What is needed here is an exact repetition of the records below, beginning at the line that has "動物ポーズ集 150種の動物の形 動きがわかる Whenbuy Jchere Com 動物ポーズ集" and stopping after the line that has "Huge Ejaculation Floods".

> DATA SUPPLIED:
++++++++++

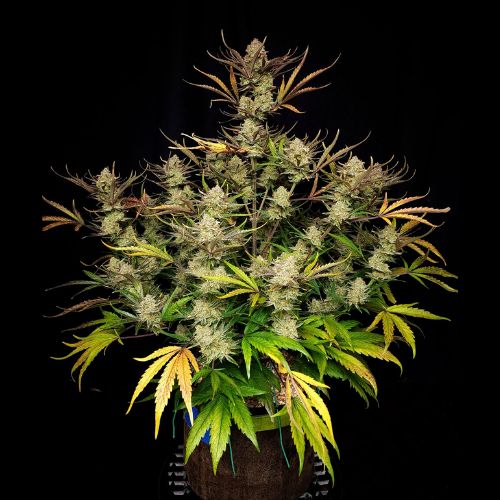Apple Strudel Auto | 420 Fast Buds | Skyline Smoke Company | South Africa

++++++++++

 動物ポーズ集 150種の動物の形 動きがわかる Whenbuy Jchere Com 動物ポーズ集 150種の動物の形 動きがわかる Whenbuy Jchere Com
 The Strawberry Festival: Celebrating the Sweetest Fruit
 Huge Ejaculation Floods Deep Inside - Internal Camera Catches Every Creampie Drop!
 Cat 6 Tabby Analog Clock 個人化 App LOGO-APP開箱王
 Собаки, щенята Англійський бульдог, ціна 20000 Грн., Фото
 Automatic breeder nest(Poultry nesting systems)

++++++++++

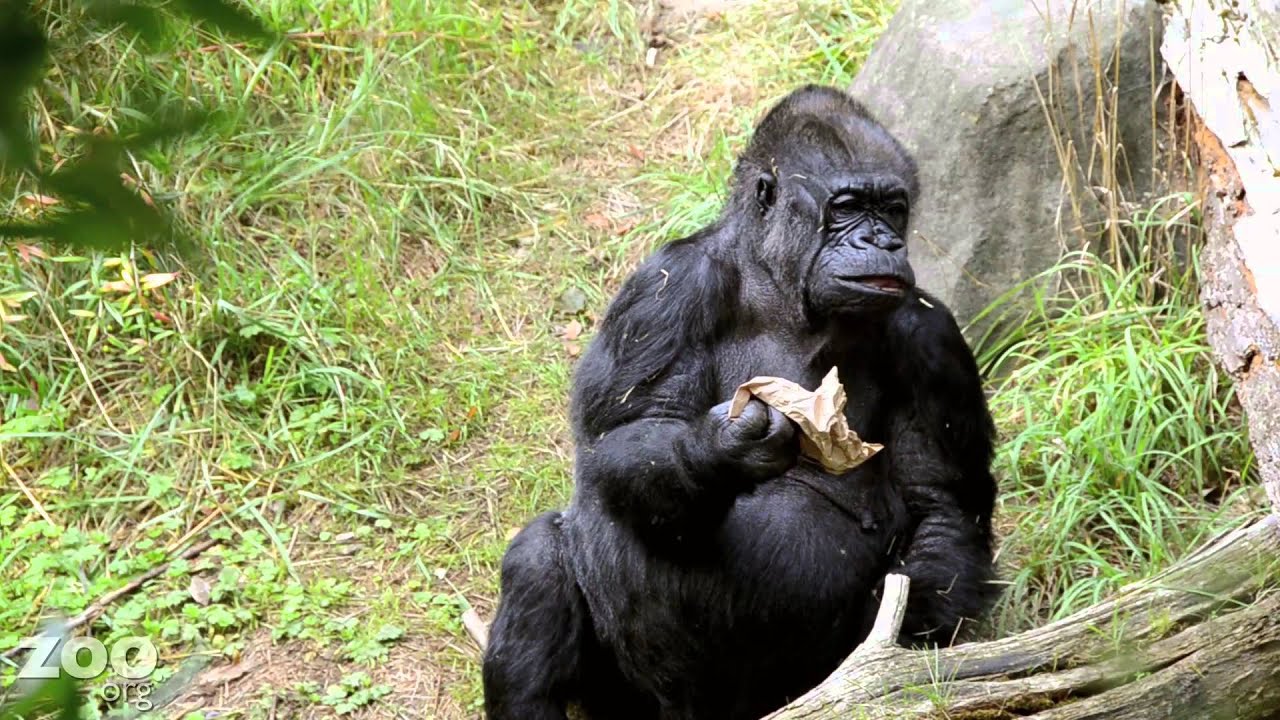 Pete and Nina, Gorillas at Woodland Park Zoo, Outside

++++++++++

> COMPLETED EXERCISE:
 動物ポーズ集 150種の動物の形 動きがわかる Whenbuy Jchere Com 動物ポーズ集 150種の動物の形 動きがわかる Whenbuy Jchere Com
 The Strawberry Festival: Celebrating the Sweetest Fruit
 Huge Ejaculation Floods Deep Inside - Internal Camera Catches Every Creampie Drop!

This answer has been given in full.